As illustrated in FIG. 10, a computing device 1000 includes a processing element, such as processor 1005 (e.g., microprocessor) that contains one or more hardware processors, where each hardware processor may have a single or multiple processor cores. Examples of processors include, but are not limited to a central processing unit (CPU) or a microprocessor. Although not illustrated in FIG. 10, the processing elements that form processor 1005 may also include one or more other types of hardware processing components, such as graphics processing units (GPUs), application specific integrated circuits (ASICs), field-programmable gate arrays (FPGAs), and/or digital signal processors (DSPs). In certain cases, processor 1005 may be configured to perform the tasks described in conjunction with modules 710-716, 724-730 of FIG. 7.

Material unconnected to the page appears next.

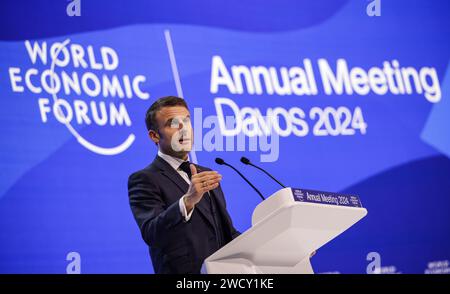 Davos, Svizzera. 17 gennaio 2024. Emmanuel Macron, Presidente della Francia, interviene a un evento del World Economic Forum (WEF). Credito: Hannes P. Albert/dpa/Alamy Live News Foto Stock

As shown in FIG. 10, memory 1010 may be operatively and communicatively coupled to processor 1005. Memory 1010 may be a non-transitory computer readable storage medium configured to store various types of data. For example, memory 1010 may include one or more volatile devices, such as random access memory (RAM). In certain cases, the SRAM and circuits as described in FIGS. 4-8 may be part of the memory 1010.

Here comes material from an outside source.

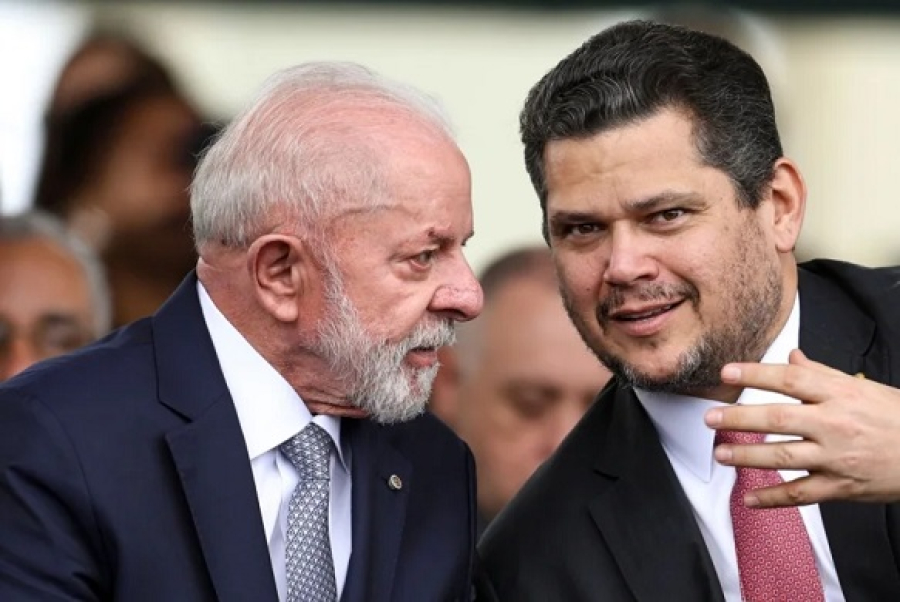 Alcolumbre pede agenda com Lula para restabelecer relação após derrota de Messias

A non-volatile storage device 1020 can include one or more disk drives, optical drives, solid-state drives (SSDs), tap drives, flash memory, electrically programmable read only memory (EEPROM), and/or any other type memory configured to maintain data for a duration of time after a power loss or shut down operation. The non-volatile storage device 1020 may also store programs that are loaded into the RAM when such programs executed.

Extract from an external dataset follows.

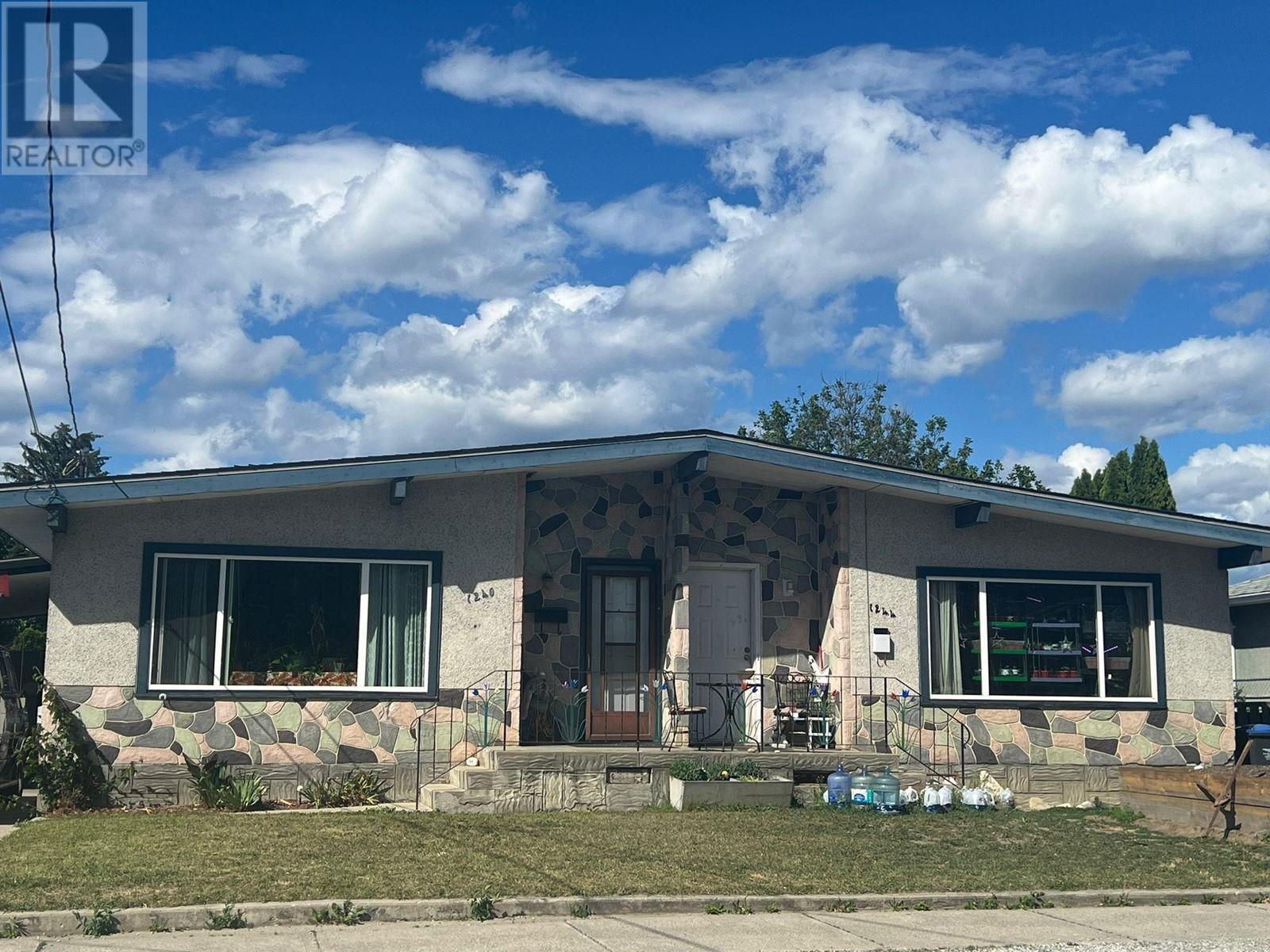1240-1244 Centennial Crescent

Software programs may be developed, encoded and compiled in a variety of computing languages for a variety of software platforms and/or operating systems and subsequently loaded and executed by processor 1005. In one embodiment, the compiling process of the software program may transform program code written in a programming language to another computer language, so the processor 1005 is able to execute the programming code. For example, the compiling process of the software program may generate an executable program that provides encoded instructions (e.g., machine code instructions) for processor 1005 to accomplish specific, non-generic, particular computing functions.

After the compiling process, the encoded instructions may then be loaded as computer executable instructions or process steps to the processor 1005 from the storage device 1020, from memory 1010, and/or embedded within processor 1005 (e.g., via a cache or internal ROM). Processor 1005 may be configured to execute the stored instructions or process steps, in order to perform instructions or process steps to transform the computing device into a non-generic, particular, specially programmed machine or apparatus. Stored data (e.g., data stored by the storage device 1020) may be accessed by processor 1005 during the execution of computer executable instructions or process steps to instruct one or more components within the computing device 1000. Storage device 1020 may be partitioned or split into multiple sections that may be accessed by different software programs. For example, storage device 1020 may include a section designated for specific purposes, such as storing program instructions or data for updating software of the computing device 1000. In one embodiment, the software to be updated includes the ROM, or firmware, of the computing device. In certain cases, the computing device 1000 may include multiple operating systems. For example, the computing device 1000 may include a general-purpose operating system for normal operations. The computing device 1000 may also include another operating system, such as a bootloader, for performing specific tasks, such as upgrading and recovering the general-purpose operating system, and allowing access to the computing device 1000 at a level generally unavailable through the general-purpose operating system. Both the general-purpose operating system and another operating system may have access to the section of storage device 1020 designated for specific purposes.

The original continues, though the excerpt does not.